Caption-style text data
= = =

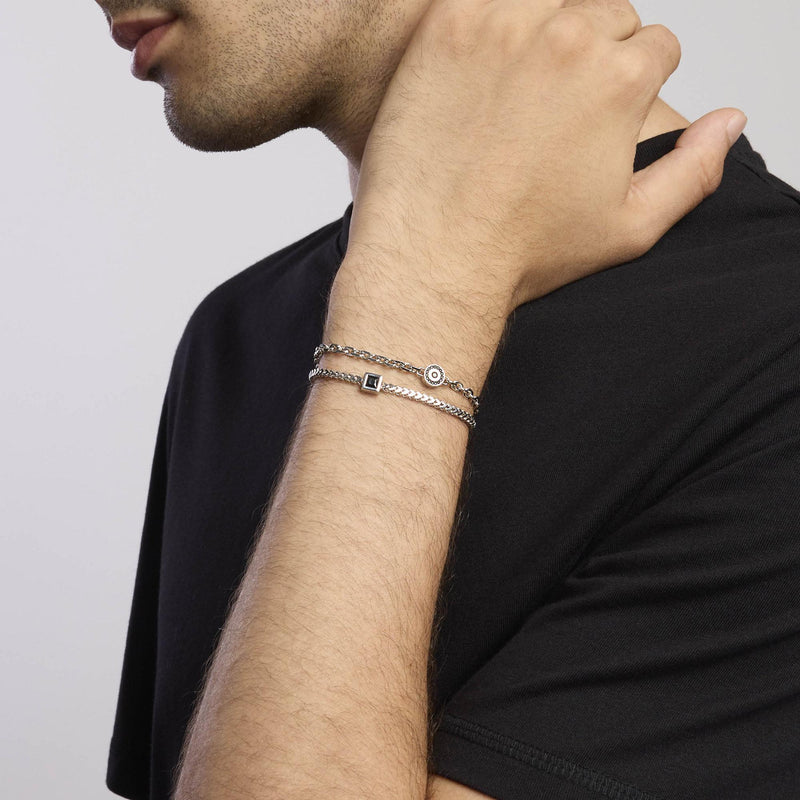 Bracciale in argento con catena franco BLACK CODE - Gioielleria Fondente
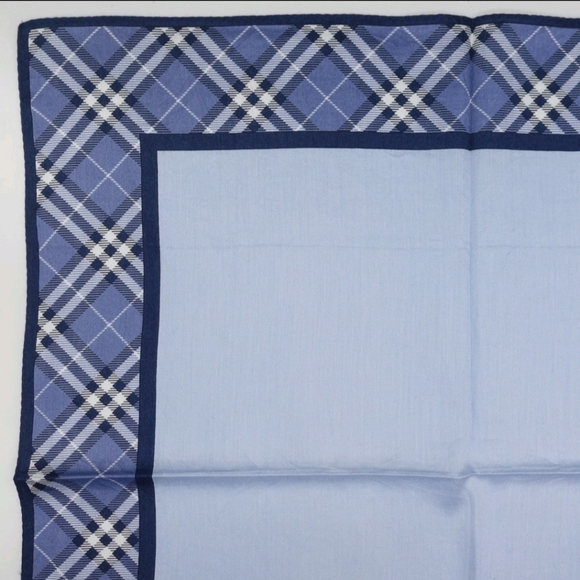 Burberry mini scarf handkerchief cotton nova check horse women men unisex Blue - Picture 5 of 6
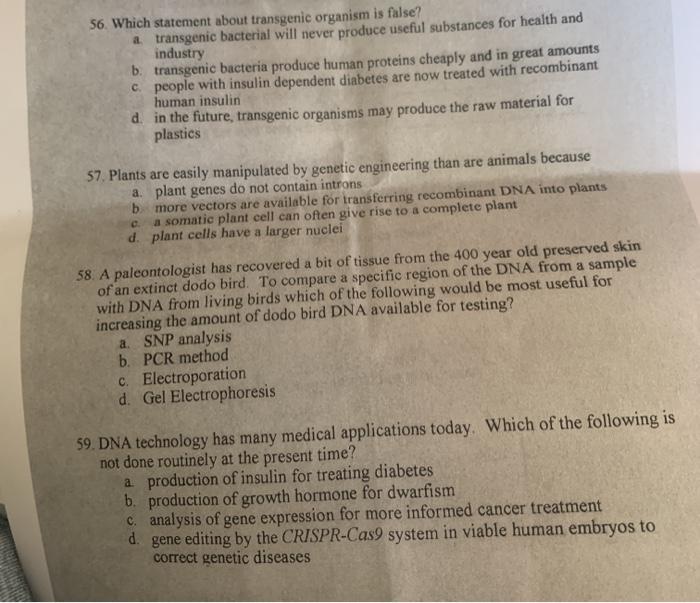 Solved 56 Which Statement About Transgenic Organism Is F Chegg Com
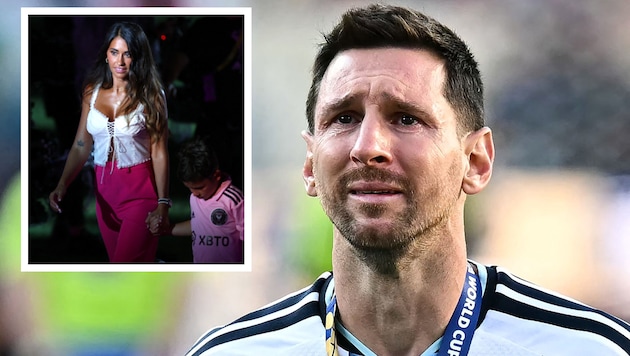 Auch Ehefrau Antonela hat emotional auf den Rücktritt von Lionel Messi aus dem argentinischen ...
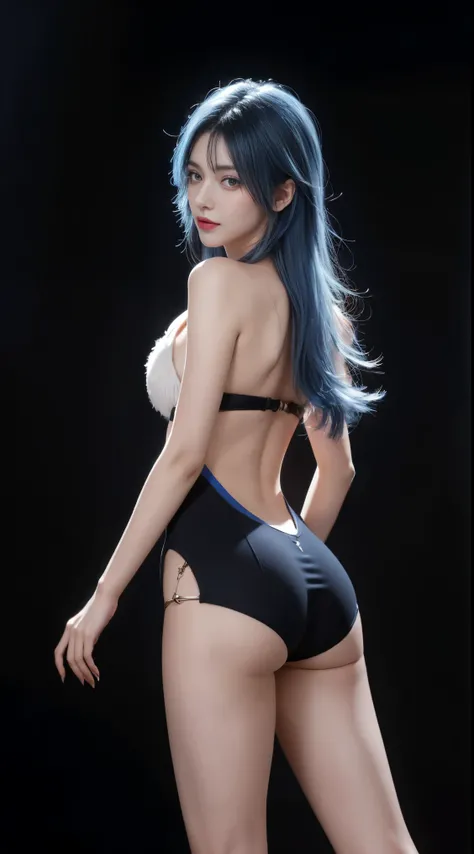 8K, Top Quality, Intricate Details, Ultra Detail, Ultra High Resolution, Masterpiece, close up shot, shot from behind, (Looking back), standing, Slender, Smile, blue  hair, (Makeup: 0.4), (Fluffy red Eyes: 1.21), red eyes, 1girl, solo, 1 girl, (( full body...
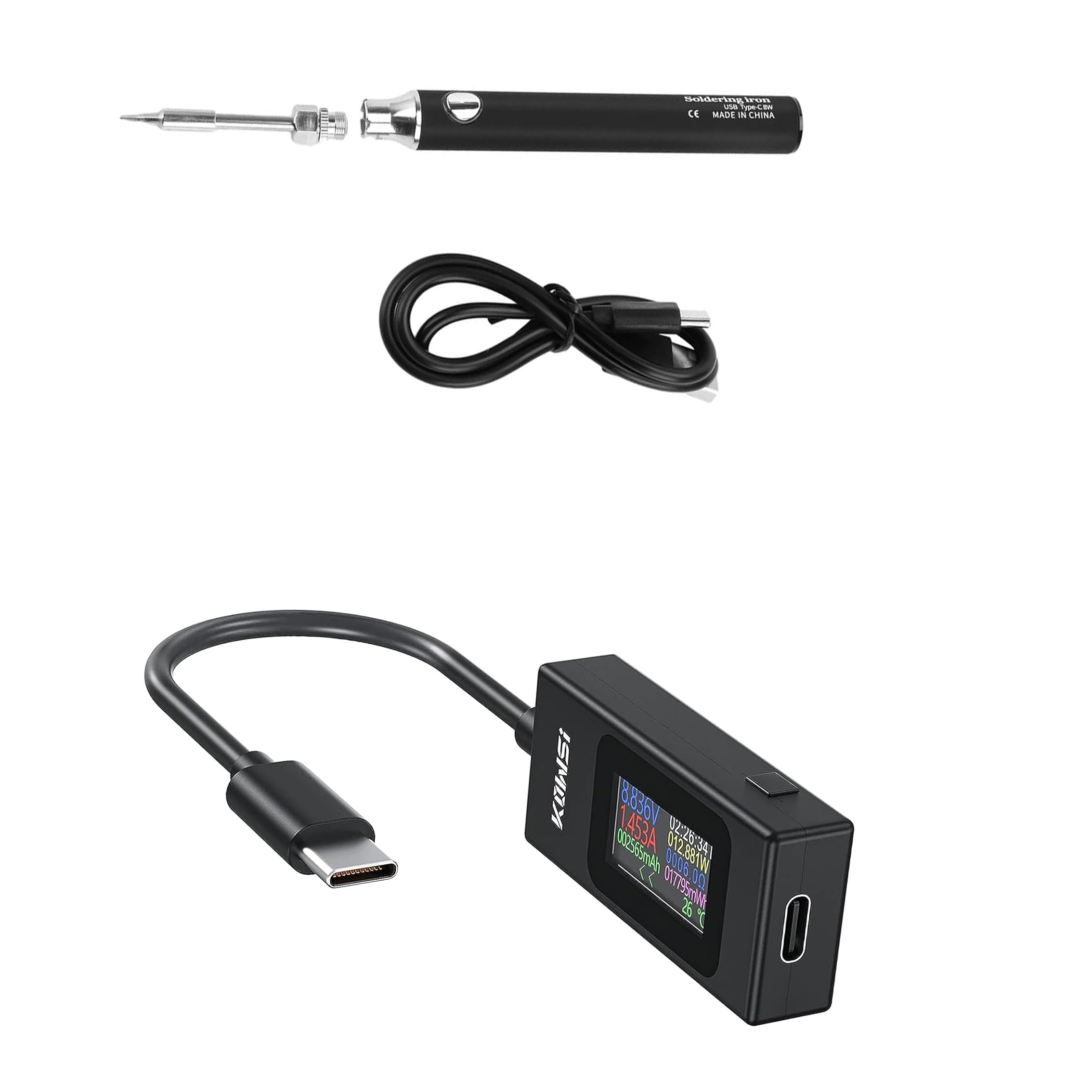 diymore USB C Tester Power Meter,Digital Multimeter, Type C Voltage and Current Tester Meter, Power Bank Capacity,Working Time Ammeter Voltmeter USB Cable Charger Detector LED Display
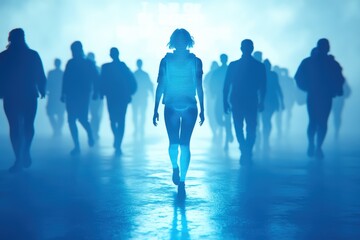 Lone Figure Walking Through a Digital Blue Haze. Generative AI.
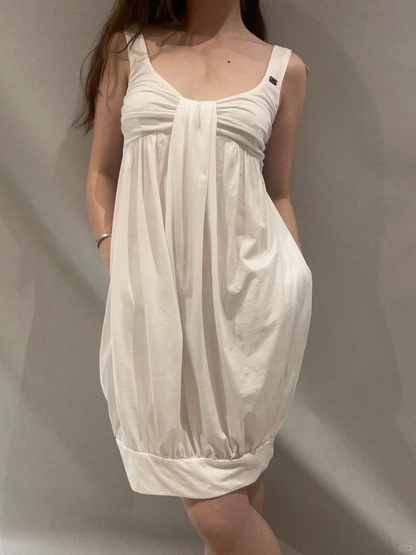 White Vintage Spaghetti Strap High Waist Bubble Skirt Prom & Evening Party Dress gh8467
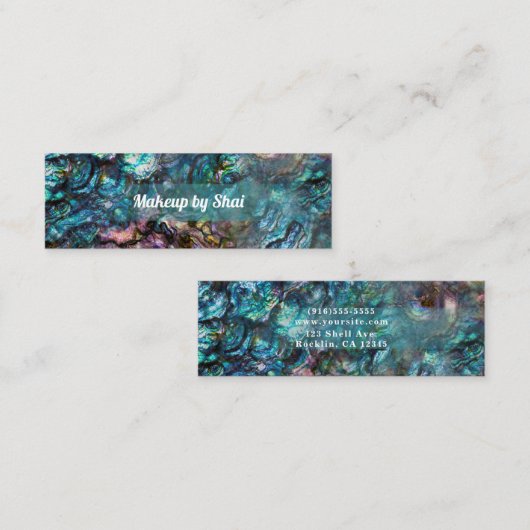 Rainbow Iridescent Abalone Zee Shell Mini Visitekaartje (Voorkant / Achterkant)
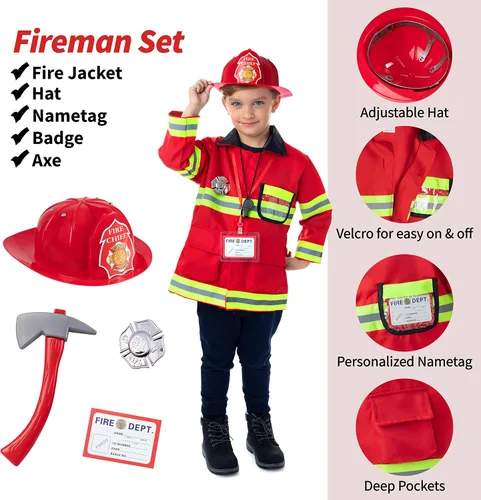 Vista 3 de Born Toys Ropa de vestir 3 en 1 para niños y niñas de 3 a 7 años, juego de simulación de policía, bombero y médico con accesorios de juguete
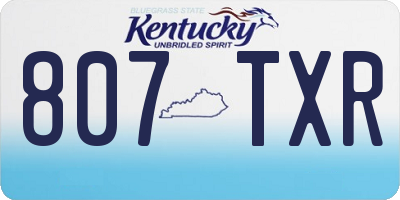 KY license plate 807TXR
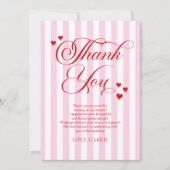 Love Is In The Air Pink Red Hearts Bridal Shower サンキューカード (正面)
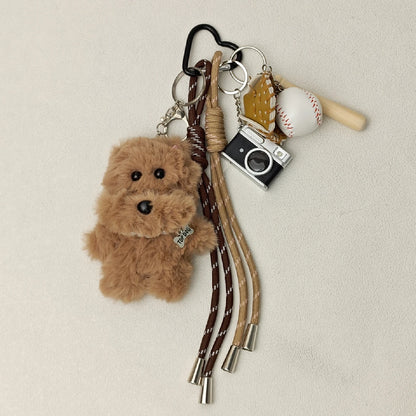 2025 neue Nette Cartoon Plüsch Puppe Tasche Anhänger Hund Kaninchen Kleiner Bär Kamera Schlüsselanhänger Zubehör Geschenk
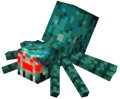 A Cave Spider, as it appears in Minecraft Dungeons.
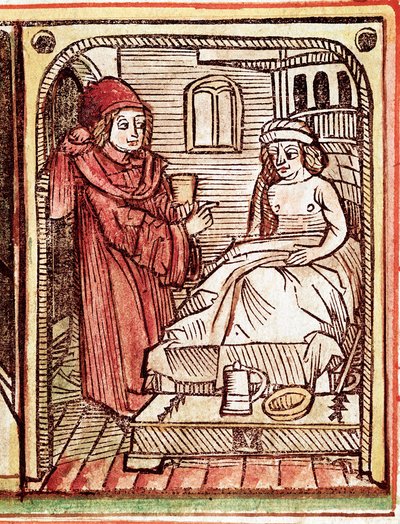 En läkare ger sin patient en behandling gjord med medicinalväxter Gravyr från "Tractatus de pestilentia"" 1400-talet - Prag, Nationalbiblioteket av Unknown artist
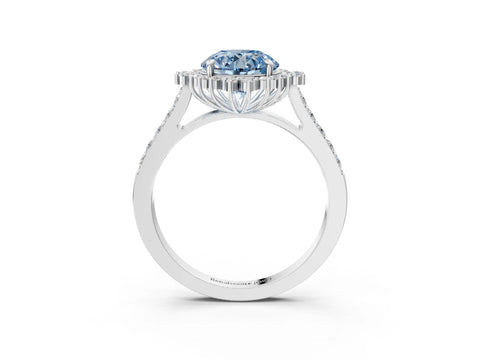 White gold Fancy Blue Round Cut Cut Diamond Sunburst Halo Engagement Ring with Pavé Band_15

= = =

WHAT TO PRODUCE:
Give again, exactly, the lines starting at the first entry above and ending at the line with "2025 neue Nette"; please leave pictures out.

SOLUTION FOR THIS PROBLEM:
 Bracciale in argento con catena franco BLACK CODE - Gioielleria Fondente
 Burberry mini scarf handkerchief cotton nova check horse women men unisex Blue - Picture 5 of 6
 Solved 56 Which Statement About Transgenic Organism Is F Chegg Com
 Auch Ehefrau Antonela hat emotional auf den Rücktritt von Lionel Messi aus dem argentinischen ...
 8K, Top Quality, Intricate Details, Ultra Detail, Ultra High Resolution, Masterpiece, close up shot, shot from behind, (Looking back), standing, Slender, Smile, blue  hair, (Makeup: 0.4), (Fluffy red Eyes: 1.21), red eyes, 1girl, solo, 1 girl, (( full body...
 diymore USB C Tester Power Meter,Digital Multimeter, Type C Voltage and Current Tester Meter, Power Bank Capacity,Working Time Ammeter Voltmeter USB Cable Charger Detector LED Display
 Lone Figure Walking Through a Digital Blue Haze. Generative AI.
 White Vintage Spaghetti Strap High Waist Bubble Skirt Prom & Evening Party Dress gh8467
 Rainbow Iridescent Abalone Zee Shell Mini Visitekaartje (Voorkant / Achterkant)
 Vista 3 de Born Toys Ropa de vestir 3 en 1 para niños y niñas de 3 a 7 años, juego de simulación de policía, bombero y médico con accesorios de juguete
 KY license plate 807TXR
 Love Is In The Air Pink Red Hearts Bridal Shower サンキューカード (正面)
 2025 neue Nette Cartoon Plüsch Puppe Tasche Anhänger Hund Kaninchen Kleiner Bär Kamera Schlüsselanhänger Zubehör Geschenk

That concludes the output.